Saya rasa, bagian daripada menyempurnakan kesadaran kita adalah membersihkan lensa kita. Mengubah cara pandang kita terhadap hidup dan kehidupan. Jika kita bisa melakukan itu, maka kita akan menjadi sadar. Ketika kita sadar, maka:

"Anda akan mampu menikmati yang tidak enak sekalipun, dan merubah yang tidak enak menjadi enak, dan yang enak menjadi enak sekali. Suatu hari, ketika itu terjadi, Anda baru bisa merasakan hidup yang sesungguhnya. Anda hanya perlu split second untuk merubahnya."

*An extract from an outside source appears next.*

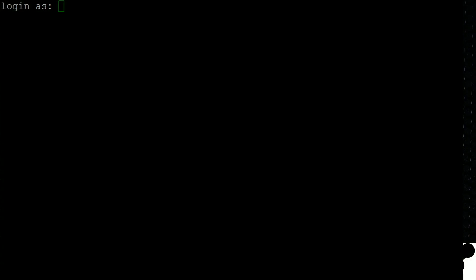Hey, what's going on everybody? Today I'm going to show you how to set up a Counter-Strike Global Offensive dedicated server on Ubuntu.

Ada berbagai cara untuk untuk menjadi sadar. Nankai, membersihkan lensa, dan mengenal jati diri sendiri tentu hanyalah sebagian cara dari puluhan cara-cara lainnya. Tetapi, saya percaya, selama kita meniatkan hal tersebut, dan tidak lupa untuk belajar mengenal diri sendiri secara lebih dalam, maka kita tidak akan pernah jauh dari kebahagiaan. Ya, kebahagiaan yang hanya perlu sekejap mata saja untuk dimanifestasikan.

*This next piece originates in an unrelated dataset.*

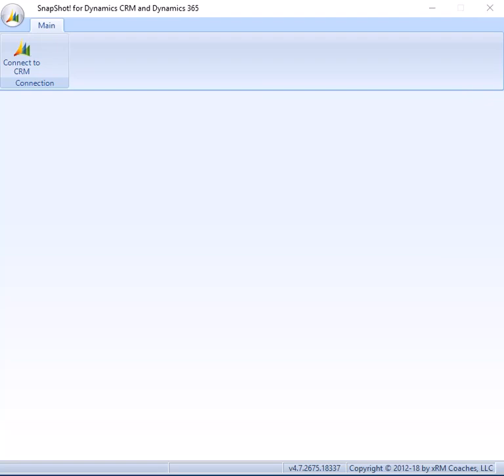Hey everybody, this is Mitch with XRM Coaches. Today I thought I would give you a quick overview of my snapshot documentation tool for Dynamics CRM and Dynamics 365.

Para pembaca yang terhormat, selamat merasakan hidup yang sesungguhnya!

Salam rahayu,


2 comments:

  1. saya sedang belajar... ehehe.

    Terimakasih kawan! background ceritanya mirip banget. sempet kaget, tapi Terimakasih y. walau diatas tetep aja harus belajar mnjadi manusia yg benar2 satu dengan HS. pendewasaaan diri lagi. gapapa malu tapi yg penting belajar. yuu uda ngerasain dan rasanya beda banget. hehe. terimakasih kawan, sesudah dan sebelumnya, jadi semangat lagi!